Covariance functions

Variograms, Mercer kernels, positive definite operators, spare reproducing kernels for that Hilbert space I bought on eBay real cheap

September 16, 2019 — January 5, 2021

Hilbert space
kernel tricks
metrics
signal processing
statistics
stochastic processes
Figure 1: A realisation of a nonstationary rough covariance process (partially observed)

On the interpretation of kernels as the covariance functions of stochastic processes, which is one way to define stochastic processes.

Suppose we have a real-valued stochastic process

\[\{\mathsf{x}(t)\}_{t\in \mathcal{T}} \] For now we may as well take the index to be \(\mathcal{T}\subseteq\mathbb{R}^D\), or at least a nice metric space.

The covariance kernel of \(\mathsf{x}\) is a function

\[\begin{aligned}\kappa:&\mathcal{T}\times \mathcal{T}&\to& \mathbb{R}\\ &s,t&\mapsto&\operatorname{Cov}(\mathsf{x}(s),\mathsf{x}(t)). \end{aligned}\]

This is covariance in the usual sense, to wit,

\[\begin{aligned} \operatorname{Cov}(\mathsf{x}(s),\mathsf{x}(t)) &:=\mathbb{E}[\mathsf{x}(s)-\mathbb{E}[\mathsf{x}(t)]] \mathbb{E}[\mathsf{x}(t)-\mathbb{E}[\mathsf{x}(t)]]\\ &=\mathbb{E}[\mathsf{x}(s)\mathsf{x}(t)]- \mathbb{E}[\mathsf{x}(s)]\mathbb{E}[\mathsf{x}(t)]\\ \end{aligned}\]

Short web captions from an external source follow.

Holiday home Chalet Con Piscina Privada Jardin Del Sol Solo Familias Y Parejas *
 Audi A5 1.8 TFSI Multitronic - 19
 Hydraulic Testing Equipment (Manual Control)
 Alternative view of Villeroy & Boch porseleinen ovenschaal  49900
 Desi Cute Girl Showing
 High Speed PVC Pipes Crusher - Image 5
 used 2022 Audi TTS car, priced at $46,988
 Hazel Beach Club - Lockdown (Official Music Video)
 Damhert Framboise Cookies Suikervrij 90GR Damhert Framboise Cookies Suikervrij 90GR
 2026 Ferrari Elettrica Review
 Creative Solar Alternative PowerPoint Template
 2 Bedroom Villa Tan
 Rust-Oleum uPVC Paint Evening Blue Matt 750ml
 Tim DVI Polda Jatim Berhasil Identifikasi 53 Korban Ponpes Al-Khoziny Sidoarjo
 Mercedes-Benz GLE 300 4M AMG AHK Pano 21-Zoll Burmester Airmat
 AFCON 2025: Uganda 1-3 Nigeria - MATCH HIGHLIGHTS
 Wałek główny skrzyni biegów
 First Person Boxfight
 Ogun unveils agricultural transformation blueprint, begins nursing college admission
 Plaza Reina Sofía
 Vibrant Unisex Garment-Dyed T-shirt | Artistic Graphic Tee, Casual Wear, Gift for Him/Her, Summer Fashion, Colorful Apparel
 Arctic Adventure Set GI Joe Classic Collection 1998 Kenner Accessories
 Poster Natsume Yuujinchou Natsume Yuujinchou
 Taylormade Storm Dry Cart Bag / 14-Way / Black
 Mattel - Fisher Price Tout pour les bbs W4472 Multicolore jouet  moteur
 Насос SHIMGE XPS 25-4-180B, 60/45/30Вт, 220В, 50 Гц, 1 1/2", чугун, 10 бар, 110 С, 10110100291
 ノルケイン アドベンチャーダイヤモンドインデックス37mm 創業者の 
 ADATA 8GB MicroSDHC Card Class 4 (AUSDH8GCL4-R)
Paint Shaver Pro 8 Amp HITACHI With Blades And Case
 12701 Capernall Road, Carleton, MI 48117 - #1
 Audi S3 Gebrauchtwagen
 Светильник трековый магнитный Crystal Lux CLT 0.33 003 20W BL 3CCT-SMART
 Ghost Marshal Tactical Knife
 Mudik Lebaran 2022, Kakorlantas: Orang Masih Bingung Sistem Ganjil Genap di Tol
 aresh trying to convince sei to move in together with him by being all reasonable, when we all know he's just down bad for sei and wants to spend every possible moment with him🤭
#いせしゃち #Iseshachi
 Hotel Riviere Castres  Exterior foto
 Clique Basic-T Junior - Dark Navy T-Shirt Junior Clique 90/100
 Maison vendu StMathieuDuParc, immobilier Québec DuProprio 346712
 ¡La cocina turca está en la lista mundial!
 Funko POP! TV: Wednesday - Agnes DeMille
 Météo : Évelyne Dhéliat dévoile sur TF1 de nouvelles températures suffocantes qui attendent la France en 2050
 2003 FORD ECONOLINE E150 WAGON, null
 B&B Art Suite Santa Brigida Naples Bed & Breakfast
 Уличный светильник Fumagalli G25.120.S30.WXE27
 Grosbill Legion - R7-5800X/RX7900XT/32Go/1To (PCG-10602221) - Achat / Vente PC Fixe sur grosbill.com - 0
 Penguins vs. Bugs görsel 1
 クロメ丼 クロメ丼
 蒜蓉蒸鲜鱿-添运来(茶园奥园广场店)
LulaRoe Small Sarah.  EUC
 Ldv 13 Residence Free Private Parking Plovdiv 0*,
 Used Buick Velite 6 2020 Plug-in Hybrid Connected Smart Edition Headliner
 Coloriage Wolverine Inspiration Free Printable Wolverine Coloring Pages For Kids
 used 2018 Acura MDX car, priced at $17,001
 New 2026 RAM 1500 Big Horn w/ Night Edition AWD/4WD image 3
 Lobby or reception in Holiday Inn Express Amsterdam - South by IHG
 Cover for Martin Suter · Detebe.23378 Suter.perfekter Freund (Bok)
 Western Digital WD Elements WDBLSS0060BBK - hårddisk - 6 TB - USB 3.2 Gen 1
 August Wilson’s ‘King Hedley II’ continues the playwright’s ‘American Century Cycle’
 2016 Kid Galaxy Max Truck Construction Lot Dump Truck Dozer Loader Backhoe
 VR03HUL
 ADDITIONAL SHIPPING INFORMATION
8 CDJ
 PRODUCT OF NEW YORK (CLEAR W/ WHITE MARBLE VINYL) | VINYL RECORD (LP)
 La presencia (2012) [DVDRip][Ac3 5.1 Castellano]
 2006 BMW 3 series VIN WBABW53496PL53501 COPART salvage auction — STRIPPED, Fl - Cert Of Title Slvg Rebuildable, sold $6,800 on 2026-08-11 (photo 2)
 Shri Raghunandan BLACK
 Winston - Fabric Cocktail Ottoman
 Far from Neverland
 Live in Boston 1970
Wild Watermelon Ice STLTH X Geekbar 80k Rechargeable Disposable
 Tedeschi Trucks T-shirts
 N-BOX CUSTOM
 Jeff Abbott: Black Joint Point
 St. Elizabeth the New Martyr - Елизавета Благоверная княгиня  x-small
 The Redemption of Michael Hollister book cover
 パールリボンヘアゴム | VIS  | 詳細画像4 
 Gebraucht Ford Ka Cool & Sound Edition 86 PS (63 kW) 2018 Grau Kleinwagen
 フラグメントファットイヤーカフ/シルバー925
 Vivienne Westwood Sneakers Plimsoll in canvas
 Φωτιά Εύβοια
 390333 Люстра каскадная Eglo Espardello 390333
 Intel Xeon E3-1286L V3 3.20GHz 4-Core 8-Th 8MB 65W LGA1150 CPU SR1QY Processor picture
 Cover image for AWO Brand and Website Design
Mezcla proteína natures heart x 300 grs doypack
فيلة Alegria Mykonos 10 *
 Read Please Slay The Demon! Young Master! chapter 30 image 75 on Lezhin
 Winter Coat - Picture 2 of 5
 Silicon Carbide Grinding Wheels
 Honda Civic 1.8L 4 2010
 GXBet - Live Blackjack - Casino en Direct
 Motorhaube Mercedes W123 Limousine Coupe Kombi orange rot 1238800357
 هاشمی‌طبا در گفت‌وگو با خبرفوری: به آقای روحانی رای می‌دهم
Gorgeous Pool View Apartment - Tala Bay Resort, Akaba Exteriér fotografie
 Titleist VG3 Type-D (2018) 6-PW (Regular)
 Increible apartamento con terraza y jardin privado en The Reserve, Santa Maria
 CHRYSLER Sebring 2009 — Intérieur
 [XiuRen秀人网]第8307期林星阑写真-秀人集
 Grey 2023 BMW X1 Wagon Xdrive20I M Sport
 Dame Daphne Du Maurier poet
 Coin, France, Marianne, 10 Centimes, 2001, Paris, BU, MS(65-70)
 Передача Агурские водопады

These are useful objects. In spatial statistics, Gaussian processes, kernel machines and covariance estimation we are concerned with such covariances between values of stochastic processes at different values of their indices. The Karhunen—Loève transform decomposes stochastic processes into a basis of eigenfunctions of the covariance kernel operator. We might consider them in terms of processes defined through convolution instead.

Any process with finite second moments has a covariance function. They are especially renowned for Gaussian process methods, since Gaussian processes are uniquely specified by their mean function and covariance kernels, and also have the usual convenient algebraic properties by virtue of being Gaussian.

TODO: relate to representer theorems.

Figure 2: Han Lin SHANG’s slides, relating this to PCA in functional data

1 Covariance kernels of some example processes

1.1 A simple Markov chain

Consider a homogeneous continuous time Markov process taking values in \(\{0,1\}\). Suppose it has transition rate matrix

\[\left[\begin{array}{cc} 0 & \lambda\\ \lambda & 0 \end{array}\right] \] and moreover, that we start the chain from the stationary distribution, \([\frac 1 2\; \frac 1 2]^\top,\) which implies that \(\operatorname{Cov}(0, t)=\operatorname{Cov}(s, s+t)\) for all \(s\), and further, that \(\mathbb{E}[\mathsf{x}(t)]=\frac 1 2 \,\forall t\). So we know that \(\operatorname{Cov}(s,s+t)=\mathbb{E}[\mathsf{x}(0)\mathsf{x}(t)]- \frac 1 4.\) What is \(\mathbb{E}[\mathsf{x}(0)\mathsf{x}(t)]\)?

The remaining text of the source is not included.